▸ **Task brief**:
Your job with the data below is to output exactly the lines from the one holding "Rådhuset i Östersund, Jämtland" down to the one holding "Dewberry PLT8399 SUEDE LOOK MEN", both included, and no others.

▸ **Material provided**:
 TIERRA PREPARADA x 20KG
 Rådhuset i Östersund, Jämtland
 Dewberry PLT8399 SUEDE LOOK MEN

* * *

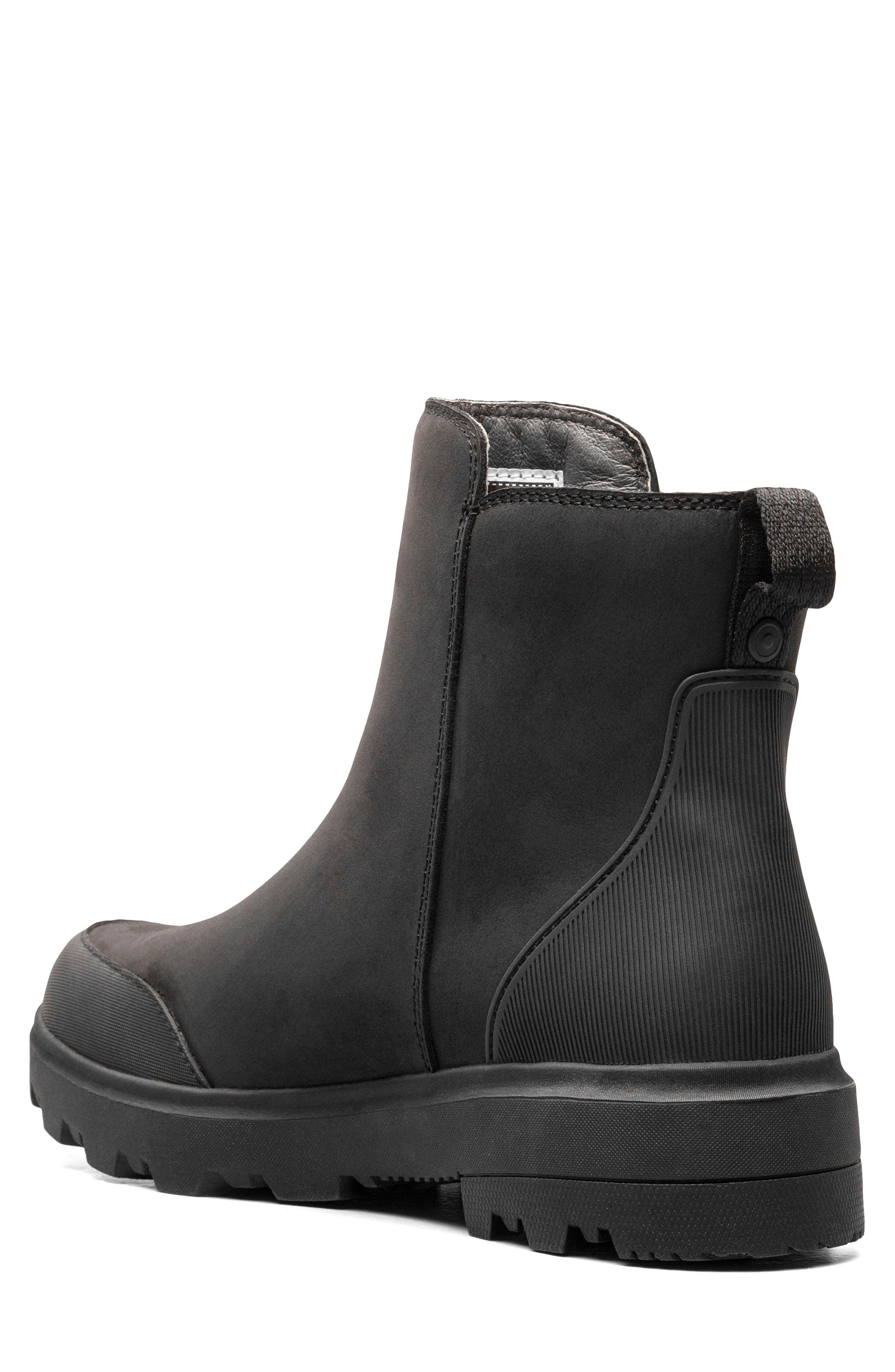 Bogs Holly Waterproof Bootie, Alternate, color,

* * *

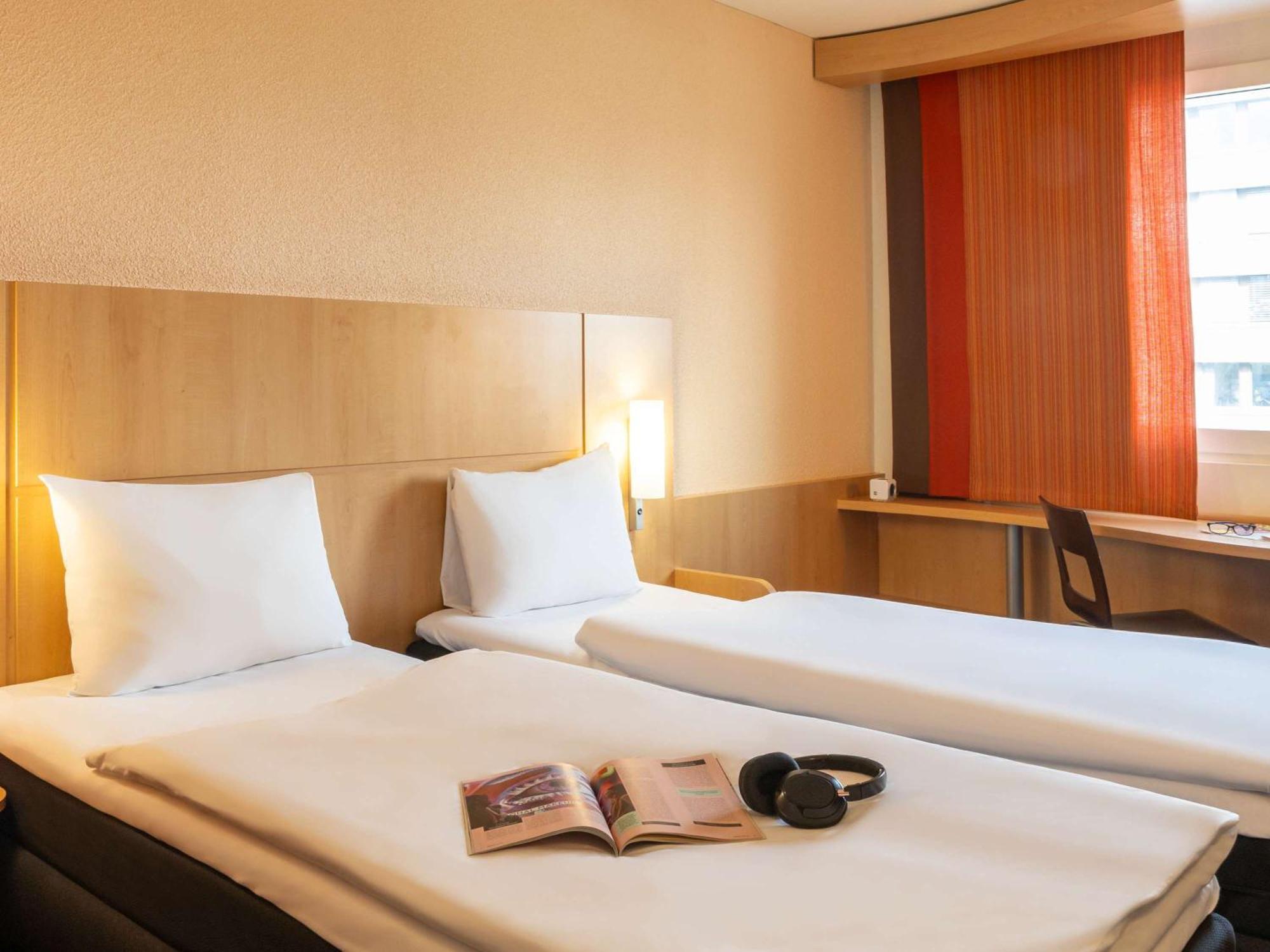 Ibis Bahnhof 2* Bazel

▸ **Exercise result**:
 Rådhuset i Östersund, Jämtland
 Dewberry PLT8399 SUEDE LOOK MEN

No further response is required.